> **DESCRIPTION OF THE TASK**
Each line from the one that contains "photo of Tuva, Kyzyl, theatre, Dembildei" through the end of the entries should be repeated exactly, with nothing added.

> **GIVEN ENTRIES**
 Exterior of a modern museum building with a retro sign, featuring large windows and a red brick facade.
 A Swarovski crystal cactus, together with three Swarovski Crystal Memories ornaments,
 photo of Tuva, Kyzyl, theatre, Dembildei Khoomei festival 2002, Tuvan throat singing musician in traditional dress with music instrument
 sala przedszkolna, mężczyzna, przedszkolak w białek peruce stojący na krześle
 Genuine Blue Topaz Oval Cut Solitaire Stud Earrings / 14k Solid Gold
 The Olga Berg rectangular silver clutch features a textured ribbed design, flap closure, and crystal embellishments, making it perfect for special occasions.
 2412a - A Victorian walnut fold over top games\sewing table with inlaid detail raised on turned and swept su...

> **OUTPUT**
 photo of Tuva, Kyzyl, theatre, Dembildei Khoomei festival 2002, Tuvan throat singing musician in traditional dress with music instrument
 sala przedszkolna, mężczyzna, przedszkolak w białek peruce stojący na krześle
 Genuine Blue Topaz Oval Cut Solitaire Stud Earrings / 14k Solid Gold
 The Olga Berg rectangular silver clutch features a textured ribbed design, flap closure, and crystal embellishments, making it perfect for special occasions.
 2412a - A Victorian walnut fold over top games\sewing table with inlaid detail raised on turned and swept su...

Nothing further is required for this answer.